Avec : Audrey Dana , Robinson Stévenin , Yann Trégouët et Élie Lucas Moussoko

Sortie le 25 septe 2012

Distribué par Bac Films

Durée : 108 minutes

Nombre de : 1

Film classé :

Le film :

Les bonus :

Comme elle vient du documentaire, Christine François risque l’étiquette. Surtout que l’histoire qu’elle nous raconte pour son premier long-métrage a tous les ingrédients de l’enquête et du reportage in situ. Un enfant noir recueilli dans la brousse, un peu par hasard, devient l’objet de toutes les peurs de son entourage. La jeune femme blanche qui l’adopte et le prénomme Lancelot, tente alors de comprendre ce qu’il représente pour son peuple.
Le fait réel, toujours d’actualité, a bien tous les ingrédients du documentaire. Et pourtant, Christine François opte délibérément pour un récit fictionnel qui confie à son héroïne, Cécile, la charge de porter toute la réalité d’une telle situation. Elle ne se focalise pas sur le fond du problème identitaire, elle en fait un argument dramatique qui accompagne  la démarche de la maman et de son fiston.

De retour en France, les années s’écoulent et le jeune garçon ( Elie Lucas Moussoko, incroyable )  a semble-t-il pris ses marques dans son nouvel environnement.C’est particulièrement vrai au cœur de son école où des événements pédagogiques particuliers vont pourtant le conduire à revenir inconsciemment sur son passé. La quête est d’abord silencieuse, puis révoltée au point que Cécile lui propose de revenir dans le pays de sa naissance.
Le scénario ainsi bien ficelé se heurte à plusieurs reprises sur une mise en scène que je qualifierais de maladroite. Mais dans le bon sens du terme puisque cette gaucherie est tout à fait dans l’esprit du film. Cécile, qu’Audrey Dana interprète magnifiquement bien, passe par tous les stades du désespoir et de l’incompréhension, confrontée à une culture qui lui est totalement étrangère, voire barbare.
Et le regard qu’elle y pose, qui jamais ne juge, me paraît tout à fait juste. Celui d’une occidentale en butte à une autre civilisation. Comment imaginer en effet depuis son Sud-Ouest hexagonal que dans certaines régions du Monde, des enfants à la naissance sont craints en raison d’un accouchement particulier, d’une dent mal placée, d’une arrivée prématurée…

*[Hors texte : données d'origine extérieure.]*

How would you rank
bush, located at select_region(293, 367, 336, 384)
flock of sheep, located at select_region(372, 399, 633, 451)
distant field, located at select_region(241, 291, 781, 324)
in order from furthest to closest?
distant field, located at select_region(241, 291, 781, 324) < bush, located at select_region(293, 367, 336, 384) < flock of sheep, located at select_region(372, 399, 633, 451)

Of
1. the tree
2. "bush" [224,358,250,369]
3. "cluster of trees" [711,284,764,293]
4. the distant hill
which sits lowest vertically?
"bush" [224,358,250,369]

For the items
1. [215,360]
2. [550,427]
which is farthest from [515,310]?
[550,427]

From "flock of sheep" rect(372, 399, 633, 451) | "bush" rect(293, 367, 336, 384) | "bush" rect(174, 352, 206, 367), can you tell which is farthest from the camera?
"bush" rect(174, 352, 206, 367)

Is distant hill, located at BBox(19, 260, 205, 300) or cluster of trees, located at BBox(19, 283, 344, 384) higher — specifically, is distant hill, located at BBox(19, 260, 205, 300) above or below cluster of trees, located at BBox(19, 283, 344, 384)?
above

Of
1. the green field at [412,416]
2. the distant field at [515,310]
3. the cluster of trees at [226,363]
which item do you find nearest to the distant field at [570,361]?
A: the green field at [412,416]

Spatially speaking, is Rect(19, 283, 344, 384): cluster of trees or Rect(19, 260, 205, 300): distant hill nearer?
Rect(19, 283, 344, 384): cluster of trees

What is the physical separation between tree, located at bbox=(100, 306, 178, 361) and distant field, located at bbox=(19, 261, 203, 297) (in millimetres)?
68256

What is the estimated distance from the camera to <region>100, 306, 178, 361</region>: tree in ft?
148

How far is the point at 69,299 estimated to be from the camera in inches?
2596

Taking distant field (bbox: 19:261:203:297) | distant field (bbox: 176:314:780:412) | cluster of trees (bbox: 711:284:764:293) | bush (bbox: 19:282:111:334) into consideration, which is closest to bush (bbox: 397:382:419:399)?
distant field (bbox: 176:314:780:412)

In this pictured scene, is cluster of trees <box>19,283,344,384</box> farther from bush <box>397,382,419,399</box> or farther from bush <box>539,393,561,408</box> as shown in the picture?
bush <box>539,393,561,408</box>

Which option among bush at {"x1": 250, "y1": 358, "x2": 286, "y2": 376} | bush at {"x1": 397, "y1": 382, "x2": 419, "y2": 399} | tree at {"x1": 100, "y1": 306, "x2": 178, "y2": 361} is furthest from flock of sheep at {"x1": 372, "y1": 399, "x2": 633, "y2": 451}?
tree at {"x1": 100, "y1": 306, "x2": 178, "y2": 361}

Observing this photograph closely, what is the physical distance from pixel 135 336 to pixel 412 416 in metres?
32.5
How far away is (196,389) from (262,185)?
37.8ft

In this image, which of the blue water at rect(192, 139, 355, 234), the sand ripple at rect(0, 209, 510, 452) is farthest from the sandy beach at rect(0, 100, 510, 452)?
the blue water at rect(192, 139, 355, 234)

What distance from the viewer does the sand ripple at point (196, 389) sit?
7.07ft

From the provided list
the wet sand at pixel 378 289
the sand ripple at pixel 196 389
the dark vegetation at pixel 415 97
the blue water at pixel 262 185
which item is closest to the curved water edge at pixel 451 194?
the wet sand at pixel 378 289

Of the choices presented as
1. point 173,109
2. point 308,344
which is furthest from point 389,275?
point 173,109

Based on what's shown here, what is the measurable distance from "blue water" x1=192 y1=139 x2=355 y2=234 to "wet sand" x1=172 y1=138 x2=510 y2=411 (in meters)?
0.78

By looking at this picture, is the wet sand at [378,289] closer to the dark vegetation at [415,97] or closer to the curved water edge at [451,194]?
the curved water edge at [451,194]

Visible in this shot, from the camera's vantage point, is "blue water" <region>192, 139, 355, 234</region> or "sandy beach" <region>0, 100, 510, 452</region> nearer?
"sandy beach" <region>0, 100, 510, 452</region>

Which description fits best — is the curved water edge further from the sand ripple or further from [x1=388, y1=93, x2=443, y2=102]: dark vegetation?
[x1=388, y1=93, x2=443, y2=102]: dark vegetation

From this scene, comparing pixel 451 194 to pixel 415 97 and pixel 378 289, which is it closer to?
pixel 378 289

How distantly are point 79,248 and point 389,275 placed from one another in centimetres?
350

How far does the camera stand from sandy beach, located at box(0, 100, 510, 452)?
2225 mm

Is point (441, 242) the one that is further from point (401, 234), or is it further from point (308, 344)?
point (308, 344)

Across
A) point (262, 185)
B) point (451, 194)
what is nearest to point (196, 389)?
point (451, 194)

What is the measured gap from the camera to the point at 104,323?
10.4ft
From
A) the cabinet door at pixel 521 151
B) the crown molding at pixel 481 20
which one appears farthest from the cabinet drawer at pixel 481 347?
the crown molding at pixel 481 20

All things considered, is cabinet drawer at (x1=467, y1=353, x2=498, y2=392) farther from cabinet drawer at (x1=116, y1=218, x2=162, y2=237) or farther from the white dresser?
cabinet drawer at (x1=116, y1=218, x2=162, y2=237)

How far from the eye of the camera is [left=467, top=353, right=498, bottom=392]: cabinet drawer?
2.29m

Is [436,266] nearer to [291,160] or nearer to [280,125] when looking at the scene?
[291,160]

Et que ce qu’il en advient est particulièrement odieux à ses yeux. C’est tout l’objet de son combat au cœur duquel l’infanticide rituel en Afrique  permet aussi d’aborder des thèmes plus généraux comme la maternité, l’adoption, et le déracinement culturel…
En un peu moins de deux heures, la jeune cinéaste réussit à nous parler de tout ça, de manière viscérale et sensible. Moi je dis chapeau !

LES SUPPLEMENTS

  • Le making of (42 mn)

Avec des répétitions, des commentaires, des scènes de tournage et des rencontres comme celle de Pierre Bio Sanou, qui sauvera beaucoup d’enfants condamnés, et qui joue un contre emploi dans le film. Même quand il ne tourne pas, il est présent sur le plateau et parfois la réalisatrice doit lui faire appel pour faire comprendre aux comédiens locaux qu’ils ne risquent rien en tournant telle ou telle scène.

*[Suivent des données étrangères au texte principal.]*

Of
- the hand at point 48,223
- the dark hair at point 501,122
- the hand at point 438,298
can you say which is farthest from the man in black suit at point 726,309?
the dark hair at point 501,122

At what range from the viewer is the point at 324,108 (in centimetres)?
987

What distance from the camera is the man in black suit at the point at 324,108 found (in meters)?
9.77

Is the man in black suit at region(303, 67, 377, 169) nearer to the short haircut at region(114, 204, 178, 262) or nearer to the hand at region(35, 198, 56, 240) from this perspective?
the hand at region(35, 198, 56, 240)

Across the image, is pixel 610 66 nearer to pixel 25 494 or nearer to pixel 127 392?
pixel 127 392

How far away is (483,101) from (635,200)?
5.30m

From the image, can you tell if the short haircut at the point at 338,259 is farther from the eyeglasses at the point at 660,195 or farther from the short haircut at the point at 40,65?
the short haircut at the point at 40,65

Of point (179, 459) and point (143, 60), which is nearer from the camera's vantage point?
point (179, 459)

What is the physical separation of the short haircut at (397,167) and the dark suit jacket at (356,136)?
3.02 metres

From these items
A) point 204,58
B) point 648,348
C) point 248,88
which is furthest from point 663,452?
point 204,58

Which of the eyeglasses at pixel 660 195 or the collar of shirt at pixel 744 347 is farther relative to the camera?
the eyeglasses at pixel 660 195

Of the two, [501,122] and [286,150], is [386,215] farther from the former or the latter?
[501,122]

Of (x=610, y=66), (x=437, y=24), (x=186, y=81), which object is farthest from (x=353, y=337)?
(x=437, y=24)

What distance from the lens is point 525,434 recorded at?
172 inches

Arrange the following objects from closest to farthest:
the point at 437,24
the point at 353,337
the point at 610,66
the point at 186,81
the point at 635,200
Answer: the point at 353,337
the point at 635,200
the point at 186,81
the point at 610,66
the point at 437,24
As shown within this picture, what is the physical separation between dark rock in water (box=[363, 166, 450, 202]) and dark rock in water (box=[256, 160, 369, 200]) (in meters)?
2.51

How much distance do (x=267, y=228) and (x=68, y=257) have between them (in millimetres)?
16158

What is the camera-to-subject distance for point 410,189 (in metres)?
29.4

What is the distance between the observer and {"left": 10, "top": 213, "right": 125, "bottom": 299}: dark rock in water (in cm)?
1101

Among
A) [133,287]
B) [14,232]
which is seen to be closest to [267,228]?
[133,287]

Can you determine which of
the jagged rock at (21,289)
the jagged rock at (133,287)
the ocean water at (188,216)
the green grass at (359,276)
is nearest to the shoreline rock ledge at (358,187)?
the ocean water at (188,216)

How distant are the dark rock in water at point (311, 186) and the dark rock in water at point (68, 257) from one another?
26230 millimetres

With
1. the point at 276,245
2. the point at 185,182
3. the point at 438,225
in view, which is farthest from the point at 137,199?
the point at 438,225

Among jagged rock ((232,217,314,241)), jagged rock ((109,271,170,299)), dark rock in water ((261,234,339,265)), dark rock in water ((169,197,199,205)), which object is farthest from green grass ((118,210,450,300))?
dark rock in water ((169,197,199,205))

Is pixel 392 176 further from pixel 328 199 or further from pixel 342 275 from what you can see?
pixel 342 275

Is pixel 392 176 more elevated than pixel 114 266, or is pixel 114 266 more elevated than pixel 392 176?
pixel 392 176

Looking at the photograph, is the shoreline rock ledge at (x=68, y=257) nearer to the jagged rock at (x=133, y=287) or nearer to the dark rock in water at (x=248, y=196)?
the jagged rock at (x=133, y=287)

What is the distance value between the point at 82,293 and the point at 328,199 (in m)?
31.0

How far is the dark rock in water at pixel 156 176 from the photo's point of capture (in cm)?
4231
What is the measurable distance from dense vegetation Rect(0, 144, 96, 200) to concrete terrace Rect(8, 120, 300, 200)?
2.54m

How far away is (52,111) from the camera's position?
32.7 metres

« Cette histoire m’a été inspirée par les confidences d’une femme française qui a adopté un enfant bariba accusé d’être un sorcier dans des circonstances assez proches de celles décrites dans le scénario » raconte la réalisatrice Christine François. « Les parents du gamin l’avaient sauvé à l’extrême limite en le jetant dans la voiture d’un prêtre. Ma rencontre avec cette femme blanche, Vonick, et son enfant noir a été déterminante. J’ai remonté le fil de cette histoire, je suis allée voir les protagonistes sur place, dans le village de l’enfant, j’ai recueilli d’autres témoignages directs. »

Robinson Stevenin, tout à fait dans son cadre, lui aussi, malgré un rôle en demi-teinte

La fin du tournage, est émouvante quand tout le monde danse alors que dans le « public », il y a des femmes qui ont vécu ce qui vient d’être tourné… Le gamin, Elie Lucas Moussoko, qui est formidable, est pas mal sollicité dans ce making of, qui nous permet aussi de découvrir les repérages en 2007 avec Mathieu Orou. Il sera un guide précieux pour la réalisatrice, notamment autour de la termitière et de ce qu’elle représente pour les béninois.

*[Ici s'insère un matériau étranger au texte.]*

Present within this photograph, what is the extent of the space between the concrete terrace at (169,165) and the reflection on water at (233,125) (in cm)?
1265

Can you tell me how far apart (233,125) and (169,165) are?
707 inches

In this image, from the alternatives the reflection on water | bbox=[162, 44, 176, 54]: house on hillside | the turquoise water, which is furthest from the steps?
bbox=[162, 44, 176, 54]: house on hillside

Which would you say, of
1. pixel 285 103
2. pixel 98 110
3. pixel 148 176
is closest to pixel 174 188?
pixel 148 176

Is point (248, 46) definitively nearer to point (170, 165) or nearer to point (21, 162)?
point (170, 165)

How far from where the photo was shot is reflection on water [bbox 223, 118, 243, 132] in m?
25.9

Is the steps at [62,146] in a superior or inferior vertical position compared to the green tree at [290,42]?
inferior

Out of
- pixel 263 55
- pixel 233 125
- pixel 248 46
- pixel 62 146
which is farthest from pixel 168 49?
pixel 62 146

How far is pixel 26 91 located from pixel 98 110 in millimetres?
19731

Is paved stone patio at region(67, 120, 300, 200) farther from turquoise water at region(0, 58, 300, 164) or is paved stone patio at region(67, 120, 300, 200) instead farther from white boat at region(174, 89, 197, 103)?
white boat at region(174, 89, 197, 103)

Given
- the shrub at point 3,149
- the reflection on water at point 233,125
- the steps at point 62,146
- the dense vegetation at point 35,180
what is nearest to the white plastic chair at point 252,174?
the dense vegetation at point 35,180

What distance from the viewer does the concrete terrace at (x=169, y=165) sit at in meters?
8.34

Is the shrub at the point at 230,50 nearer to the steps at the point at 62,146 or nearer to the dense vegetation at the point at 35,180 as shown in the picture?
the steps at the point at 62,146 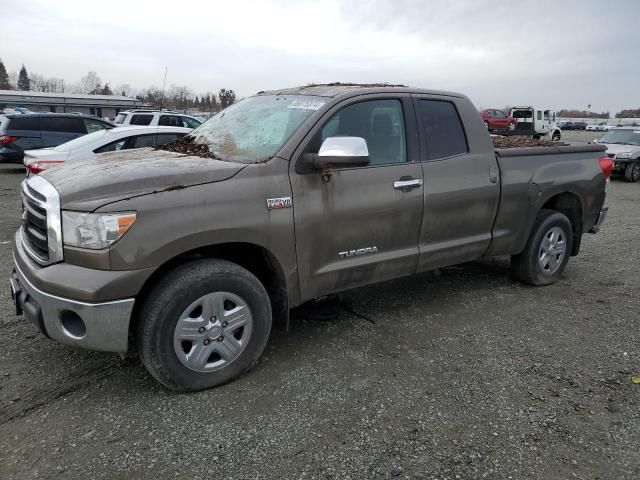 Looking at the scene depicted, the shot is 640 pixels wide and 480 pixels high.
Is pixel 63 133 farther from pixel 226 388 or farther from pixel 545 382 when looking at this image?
pixel 545 382

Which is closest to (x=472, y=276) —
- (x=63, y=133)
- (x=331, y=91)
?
(x=331, y=91)

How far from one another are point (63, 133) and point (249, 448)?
48.2ft

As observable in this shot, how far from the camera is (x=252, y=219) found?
3.12 m

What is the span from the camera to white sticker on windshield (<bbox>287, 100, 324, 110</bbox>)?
→ 142 inches

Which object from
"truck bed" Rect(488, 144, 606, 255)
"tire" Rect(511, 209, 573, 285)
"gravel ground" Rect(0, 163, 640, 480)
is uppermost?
"truck bed" Rect(488, 144, 606, 255)

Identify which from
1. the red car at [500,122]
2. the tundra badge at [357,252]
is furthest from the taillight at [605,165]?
the red car at [500,122]

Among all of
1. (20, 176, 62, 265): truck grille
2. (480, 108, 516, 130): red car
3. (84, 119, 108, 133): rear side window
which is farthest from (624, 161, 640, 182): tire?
(480, 108, 516, 130): red car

  • Les scènes coupées (8.20 mn)

Elles sont toutes très intéressantes et certaines à mon avis auraient mérité de rester, à l’image de la scène de bastonnade de la maman qui a abandonné son enfant. Même la négociation avec l’oncle de l’enfant adopté est capitale.

  • Tournée au Bénin et avant-première à Paris ( 24 mn )

On suit les premiers pas du film dans quatre villes béninoises, où les discussions avec les spectateurs sont très instructives. Il faut entendre le témoignage d’un ado sur le sujet des enfants-sorcier « qui n’existent pas. Chère maman, gardez-nous pour qu’on voit le jour, nous avons besoins de vivre, heureusement ».
A Paris certains des enfants concernés par le film assistent aux projections, ils témoignent en présence de celui qui les a sauvés Pierre Bio Sanou, et là encore il y a beaucoup de frissons, et d’émotion.